There are a couple of issues tugging at me. One is one Xavier recently had to deal with. That is balancing his level of exposure with his need to be anonymous. He was really “getting out there” with pictures, blogs and even some videos while sharing some of his inner world with us. When he was outed, he ended up having to sanitize his content in order to avoid pissing off his wife. It’s just lucky he didn’t go dark altogether. In my case, there is a desire to extend out more. I do have another blogiverse that is open, legit and out there and it is also infinitely more popular than this little corner of the universe. Trouble is, it is respected and respectable and read by really important people. If you type certain words into Google, that blog is the first thing that pops up. Arwyn hears from some of her friends who like reading it. She feels ambivalent about that level of exposure, even as minimal as it is. She would totally melt down if this blog got out to THAT population! And so would I.
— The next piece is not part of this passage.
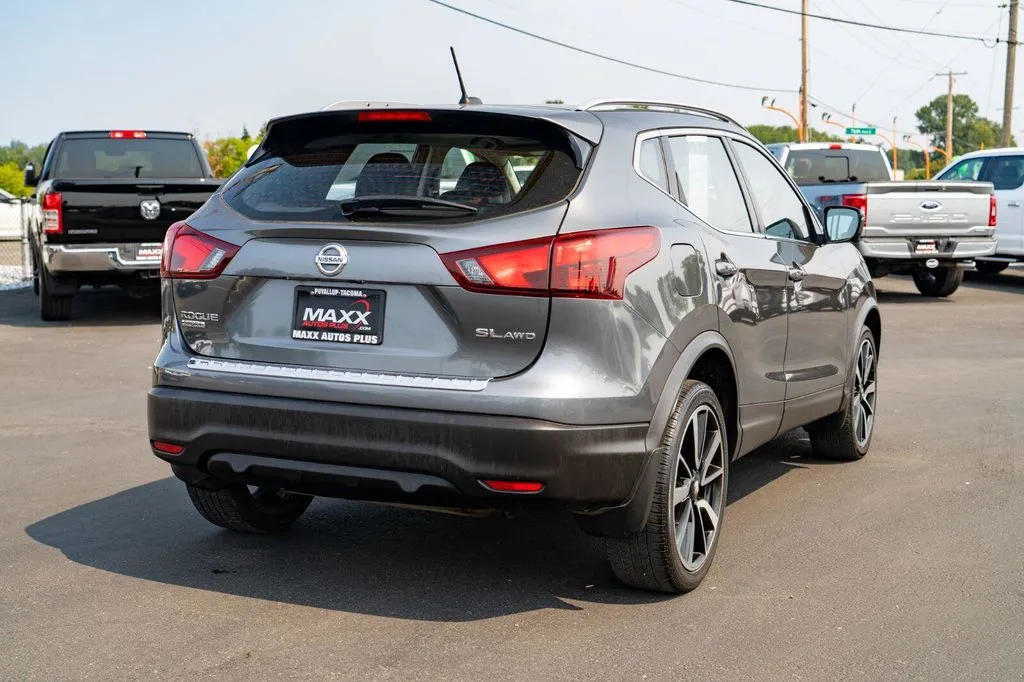 Nissan Rogue Sport photo 9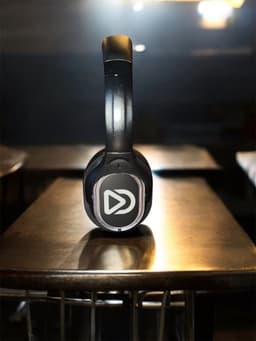 Dolly Digital set: 10x stuks type RD-Pro oplaadbare Silent Disco koptelefoons | Dolly Digital© original — thumbnail 3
So this blog (and all of my blogs linked to it) have become liabilities to that other universe. I would have no problems whatsoever with any of you going over there. I might even have slipped that way a time or two and have even invited a couple people over there when I thought they needed that information. But those folks could not survive the glare, shock and awe of coming over here! Then, yeah, the whole place goes dark pretty much instantly.

My Unsolicited Advice Blogger Site might be able to survive that sort of purge just because it was designed to stay pretty sanitized as far as personal content for just that reason. If I needed to get rid of personal posts, that would be the last anonymous fall-back position since it isn’t very widely read anyway. But it might be worth reading and looking at what I wrote way back in July. I saw this crapfest we’re in coming from a distance.

Arwyn. She is TOTALLY not down with this sort of thing. At all. Her exposure here, by virtue of the prevailing theme and storyline, is very extensive. If she ever got into this archive, it would probably slide us back into the stone age, marital progress-wise. The further we get, progress-wise, the less I am willing to risk it all. This blog ends up being a liability on that front. It’s just a mine waiting to go off. There’s no way I could possibly sanitize it, short of nuking the whole archive, which might be the way it goes.

So here’s the deal. While I do have some video content, it’s always from the waist down. The day I decide to give up the schizophrenic/multiple personalities/many faces dilemma, you all get get to see me full-on. No, not THAT, ya pervs! Besides, you’ve already seen it if you’ve been reading me long enough! But I’m already working on something that would be a finale of sorts. It wouldn’t be me closing a door as much as opening up a brand new one. At least that’s the theory.

Which brings me back to the original thought of FTN’s little convention. You folks will have a bit of an advantage of a sort in you know each other on a different level. Yeah, it will be interesting to see how he negotiates the oral sex topic or if he ends up going dark after everyone pesters Autumn about why she isn’t giving that up for him before he goes and finds himself an intern or something. Or the comments to Desmond about his Monkey Business. Good times!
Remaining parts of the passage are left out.